Opened 3 years ago

Closed 2 years ago

#17573 closed bug (not reproducible)

Haiku QEMU guest hangs while compiling Haiku

Reported by: turbo Owned by: nobody
Priority: normal Milestone: Unscheduled
Component: - General Version: R1/Development
Keywords: Cc:
Blocked By: Blocking:
Platform: x86-64

Description

Host: qemu 6.2.0-2 on Arch Linux Guest: rev55860, 8 vCPUs, 4GB RAM, virtio disk/net

I'm running into trouble compiling Haiku x86_64 on Haiku x86_64. I wanted to get a build environment working inside Haiku so I could easily try to work on some of the built-in apps.

This is a fresh install of nightly, then updated via HaikuDepot.
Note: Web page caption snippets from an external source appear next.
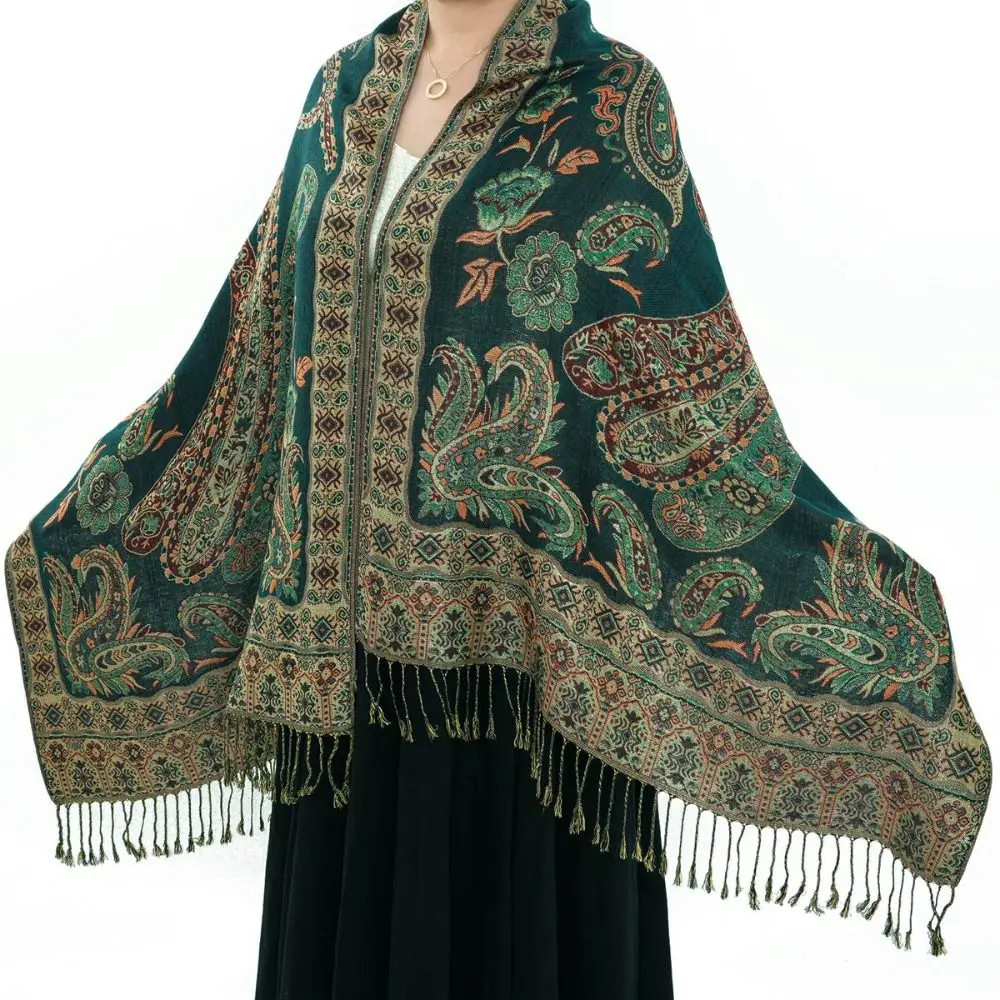 Fashion Paisley Long Scarf Tassel All-Match Pashmina Sun-Resistant Oversize Hijab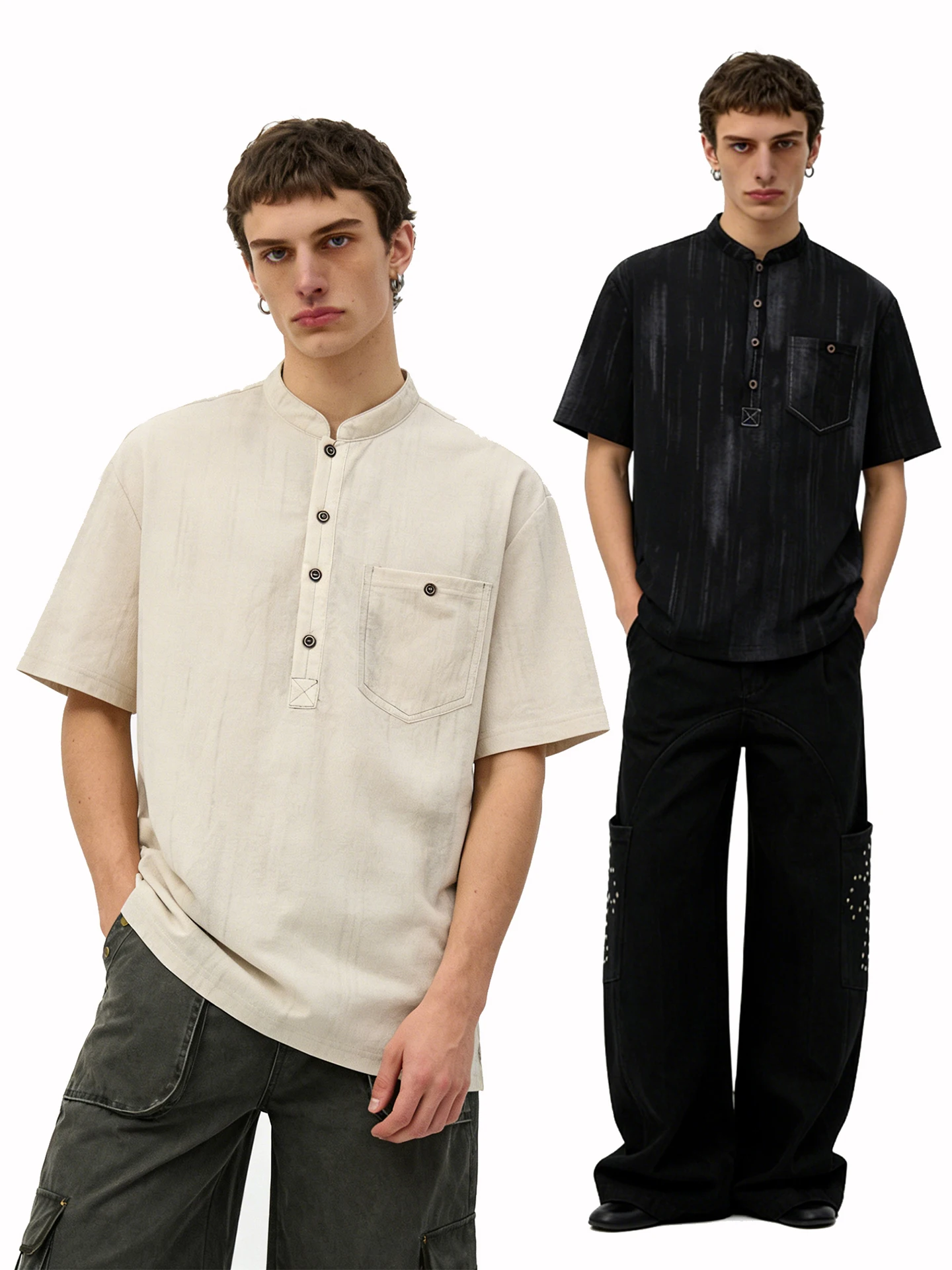 Retro American BETEBULE Men's Short Sleeve Shirt Loose Fit Henry Collar Summer Fashion Casual Breathable Comfortable Top
Retro American BETEBULE Men's Short Sleeve Shirt Loose Fit Henry Collar Summer Fashion Casual Breathable Comfortable Top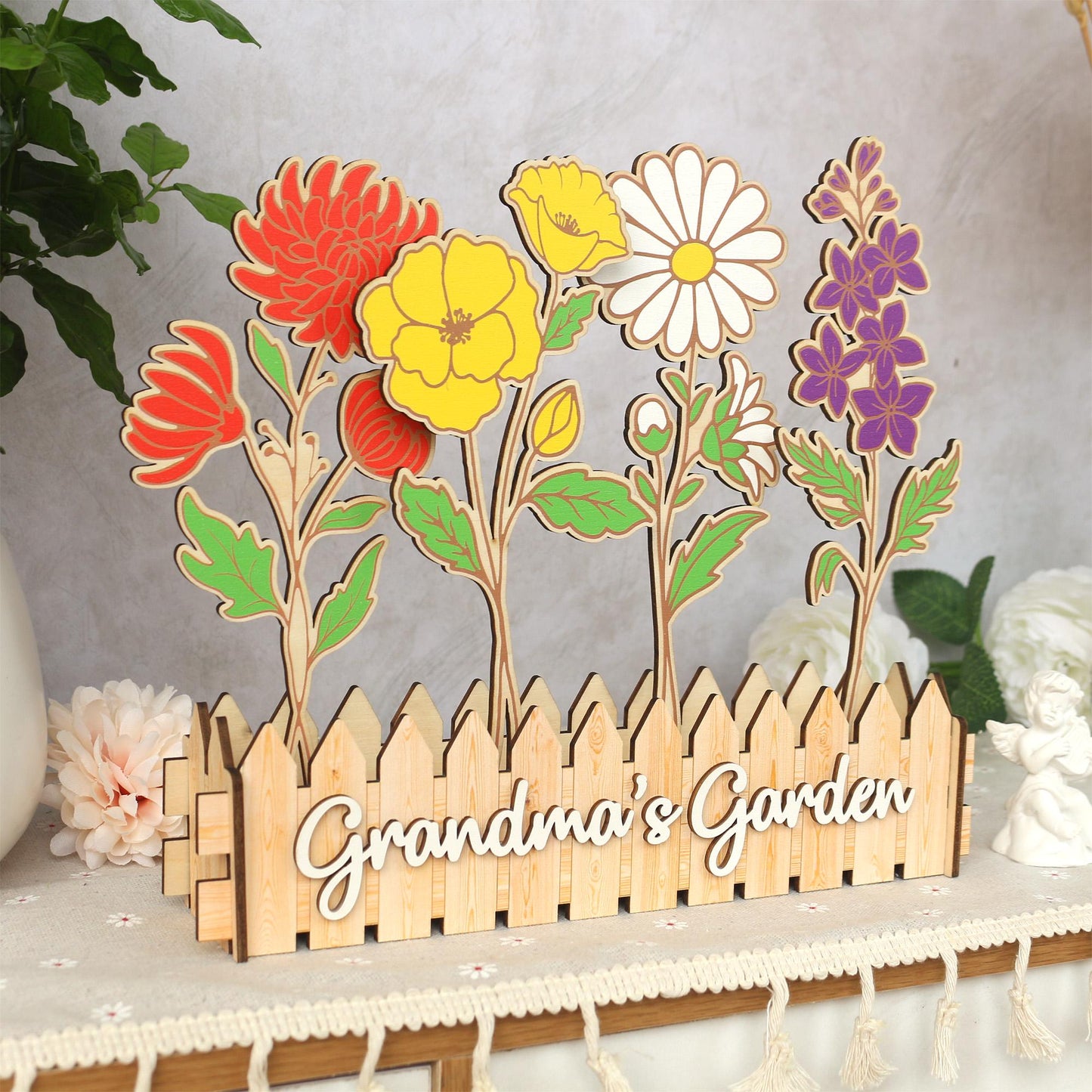 Wooden Birth Flower Garden, Flower Decor, Wooden Birth Flowers, Mothers Day Gift, Family Birth Flowers, Nana's Garden, Custom Wood Sign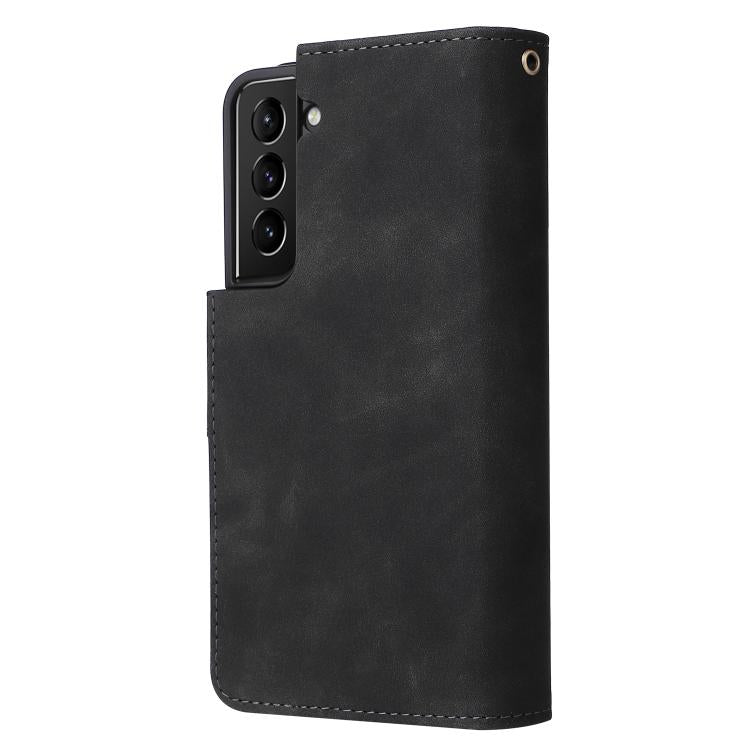For Galaxy S22+ 5G Multifunctional Frosted Zipper Wallet Leather Phone Case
I ran pkgman install cmd:python3 cmd:xorriso devel:libzstd, cloned the git repos for buildtools and haiku, and ran:

mkdir generated.x86_64; cd generated.x86_64

../configure --cross-tools-source ../../buildtools --build-cross-tools x86_64

After about 4 or 5 minutes, the entire system starts having a strange issue. I can interact with windows and navigate Tracker, but anything I do that attempts to start a new process hangs forever. If I try to start enough new processes, everything else (including interacting with windows) stops responding.

Attached a screenshot and the kernel serial output. The screenshot was exactly what was on the screen for a few minutes before I took the capture. I tried to get a syslog, but after I force reset the guest, I don't see any syslog entries that align with the kernel serial output. It could be lost?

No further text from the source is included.